What role do you think biomarkers such as ESR1 or PIK3CA mutations might play in refining patient selection for CDK4/6 inhibitor rechallenge strategies moving forward?

Dr. Llombart-Cussac: I think that is essential. I mean, I cannot imagine how in the future we’ll be able to decide just by clinical arguments the second line setting. Because the benefit that we are observing with the new PI3 kinase inhibitors as well as with the ESR1 inhibitors, I think this is amazing. Patients that will not be tested for at least these two mutations—I don’t talk about other one like ATK or PTEN or even in the future mTOR.

But I think that it becomes crucial when you have to make the decision about a second line among patients that you consider that continues to have an endocrine opportunity to check for the best one. Because those patients that will progress very quickly to a second line endocrine therapy, if not selected by your biomarkers will be certainly driven directly to chemotherapy.

So it’s important to target very well, which is the second line treatment, because that opens the chances also not just for this second line, but also perhaps opportunities for a third line of endocrine therapy before being moved to chemo. So I think that I cannot imagine right now in my clinic, even in countries like mine where we have some limitations to have access to some of the drugs that are in the market in other countries to take the decision without any biomarker.

Because it is true that the clinical benefit to the CDK4/6 inhibitors is a very strong prognostic factor and probably also predictive for more endocrine sensitivity. But the one that really targets the optimal endocrine treatment, it should be driven by biomarkers.

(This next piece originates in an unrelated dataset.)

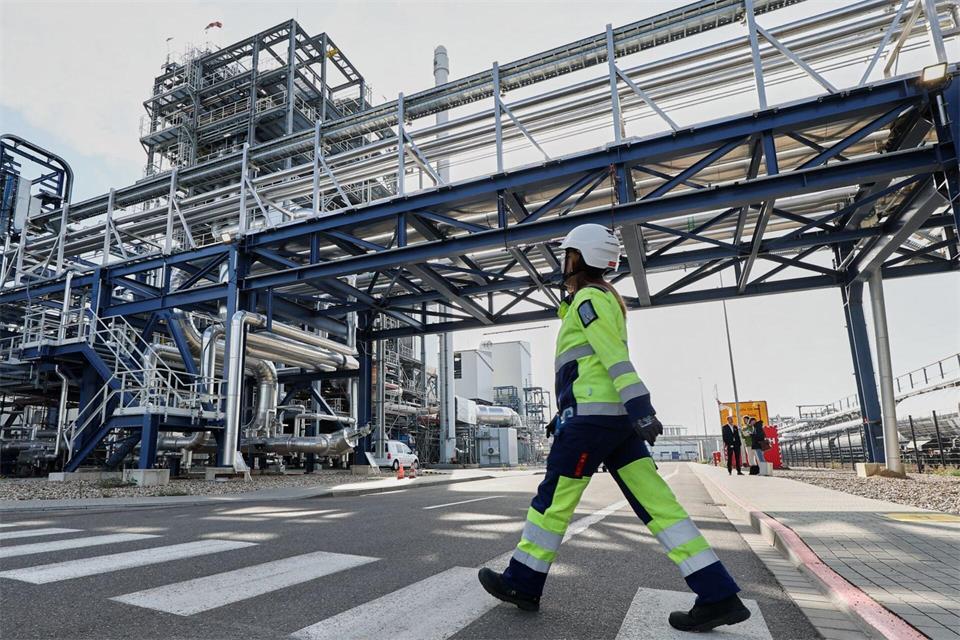 UPM hat rund 1,37 Milliarden Euro in die neue Bioraffinerie im Chemiepark Leuna investiert.Jan Woitas/dpa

Looking ahead, how should this trial inform the design of future studies on second-line therapy in HR+/HER2- ABC, and are there specific combinations or novel agents you believe warrant investigation in this setting?

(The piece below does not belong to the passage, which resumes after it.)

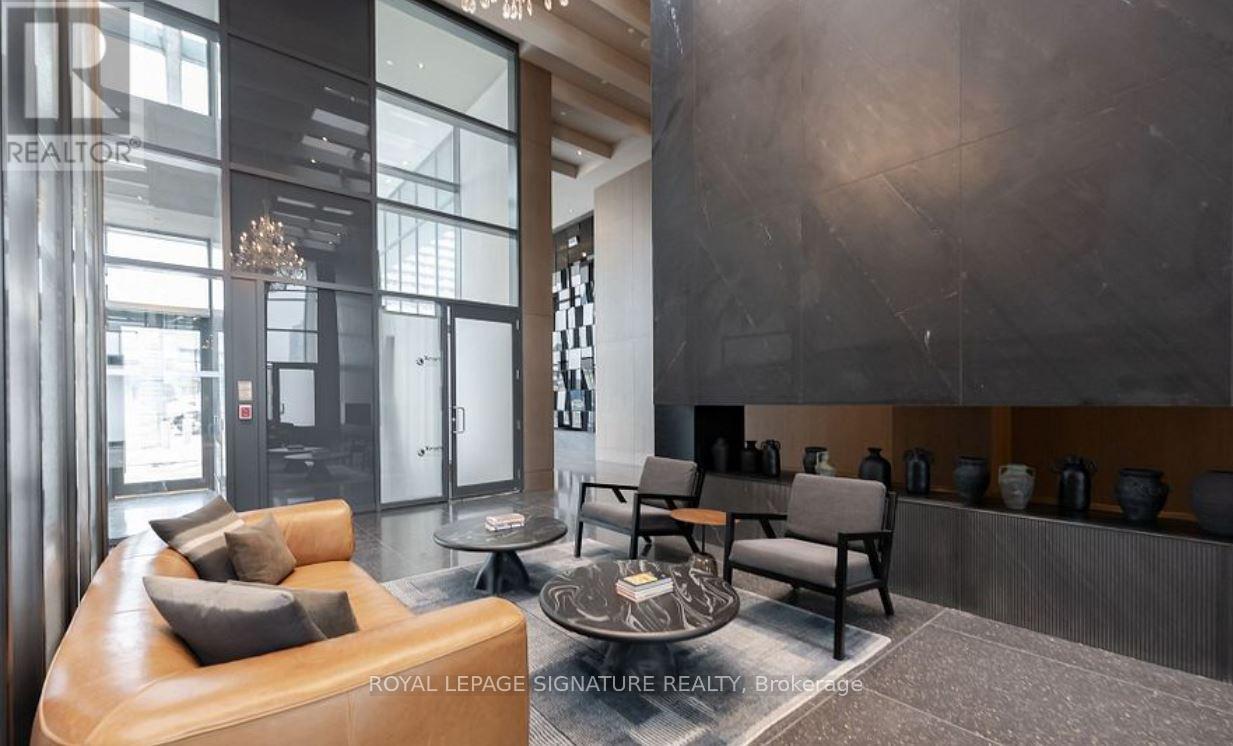 4710 - 8 Interchange Way, Vaughan, Ontario  L4K 5Z7 - Photo 7 - N12637268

Dr. Llombart-Cussac: My feeling is the second line will have very good new opportunities in the very, very next future with the new drugs. Both ESR1 inhibitors as well as by the P3 kinase pathway. But again, it’s true that even the most sensitive patients have limited benefits from these treatments, OK. So the median PFS in this population second line, perhaps we will be able to improve up to one year. We are now in the 7, 8, 9 months.

So I think that in the future the major efforts will be related to how we can increase the sensitivity in the first line. And I think the inavolisib study, in INAVO120, has shown very nicely that we have room in the first line setting to continue to improve the benefits of CDK4/6 inhibitors. There are new CDK4/6 inhibitors, very attractive, that seems much more potent than other CDK4/6 inhibitors. But I think that in the future triplets will become a very standard approach for patients with mutations with PI3 kinase pathway.

And I think that that will be the way particularly to identify the patients with less sensitivity criteria, the ones that have endocrine chances, but at the same time you are not so sure that they will have a very long journey on endocrine therapy. Those are the ones for which we will have to focus on the first line trying to implement and to improve the benefit exhausting everything, but all in the first line. I think that that’s where we will see the major gains.